All prospective investors in the Notes should consult their own tax advisors concerning the application of the CPDI Regulations to their investment in the Notes. Investors in the Notes may also obtain the projected payment schedule, as determined by ML&Co. for purposes of applying the CPDI Regulations to the Notes, by submitting a written request for that information to Merrill Lynch & Co., Inc., Corporate Secretary’s Office, 222 Broadway, 17th Floor, New York, New York 10038, (212) 670-0432, corporatesecretary@exchange.ml.com.

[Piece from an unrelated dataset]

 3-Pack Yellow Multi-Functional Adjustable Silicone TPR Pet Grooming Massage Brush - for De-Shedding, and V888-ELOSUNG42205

The projected payment schedule (including both the Projected Redemption Amount and the estimated yield on the Notes) has been determined solely for United States federal income tax purposes (i.e., for purposes of applying the CPDI Regulations to the Notes), and is neither a prediction nor a guarantee of what the Actual Redemption Amount will be, or that the Actual Redemption Amount will even exceed $9.50 per unit of the Notes.

The following table sets forth the amount of interest that will be deemed to accrue with respect to each Note during each accrual period over the term of the Notes based upon the projected payment schedule for the Notes (including both the Projected Redemption Amount and the estimated yield equal to 5.72% per annum (compounded semi-annually)) as determined by ML&Co. for purposes of applying the CPDI Regulations to the Notes:

 

Accrual Period

   Interest deemed
to accrue on
Notes during
accrual period
(per unit of the
Notes)
   Total interest
deemed to have
accrued on Notes
as of end of
accrual period
(per unit of the
Notes)

June 18, 2008 through December 18, 2008

   $0.2866    $0.2866

December 19, 2008 through June 18, 2009

   $0.2941    $0.5807

June 19, 2009 through December 18, 2009

   $0.3024    $0.8831

December 19, 2009 through June 18, 2010

   $0.3111    $1.1942

June 19, 2010 through December 30, 2010

   $0.3200    $1.5142

Projected Redemption Amount = $11.5142 per unit of the Notes.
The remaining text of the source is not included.